**WHAT THE TASK REQUIRES:**
Return the listing below exactly. Leave its pictures out.

**DATA SHOWN:**

......

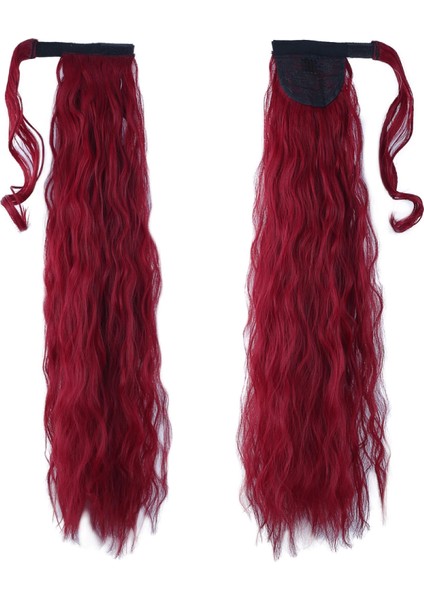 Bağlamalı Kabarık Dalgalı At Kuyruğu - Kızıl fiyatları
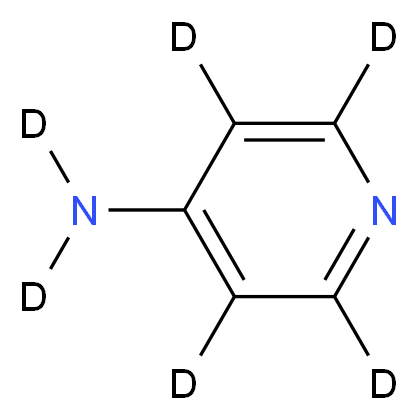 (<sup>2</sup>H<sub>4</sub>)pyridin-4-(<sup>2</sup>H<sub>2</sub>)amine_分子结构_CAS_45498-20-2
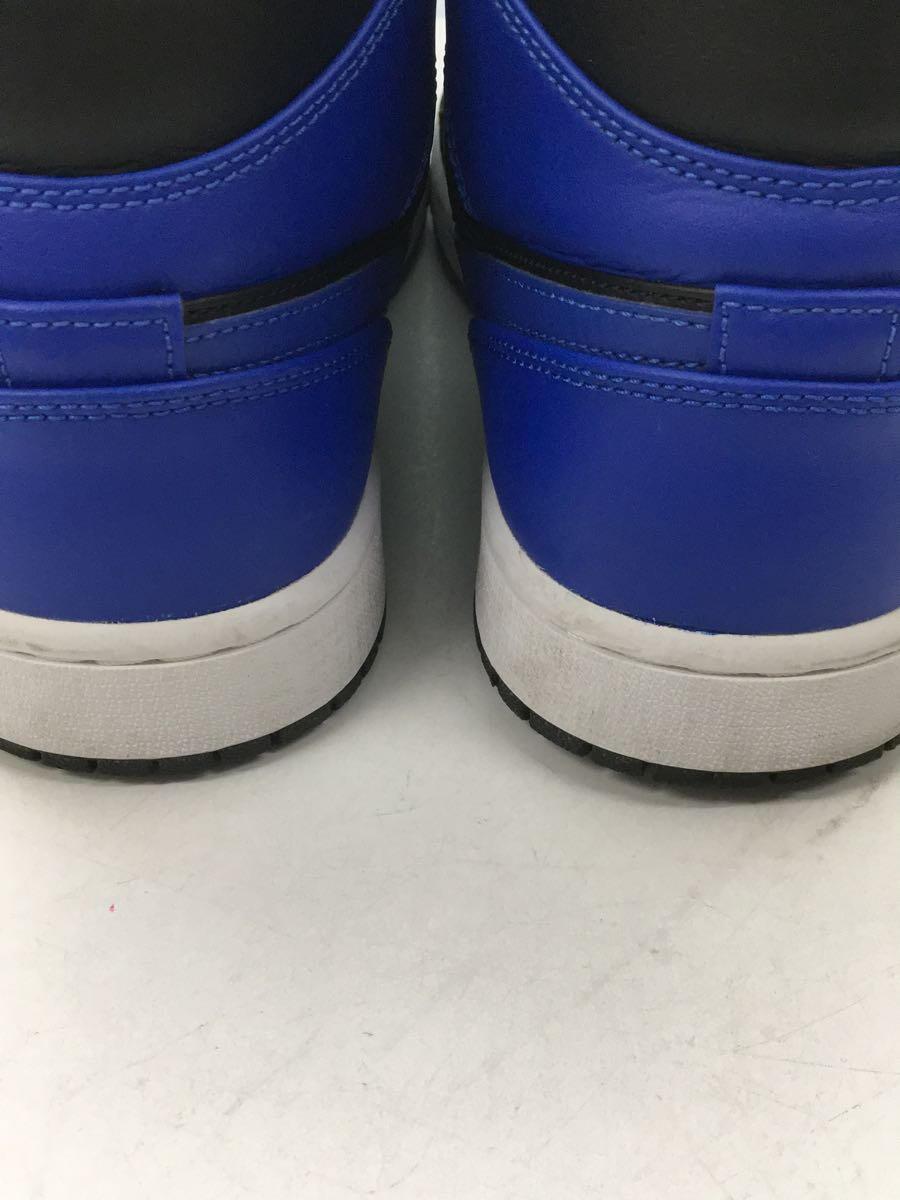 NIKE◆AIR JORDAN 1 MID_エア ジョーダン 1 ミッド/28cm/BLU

......

**ANSWER SECTION:**
 Bağlamalı Kabarık Dalgalı At Kuyruğu - Kızıl fiyatları
 (<sup>2</sup>H<sub>4</sub>)pyridin-4-(<sup>2</sup>H<sub>2</sub>)amine_分子结构_CAS_45498-20-2
 NIKE◆AIR JORDAN 1 MID_エア ジョーダン 1 ミッド/28cm/BLU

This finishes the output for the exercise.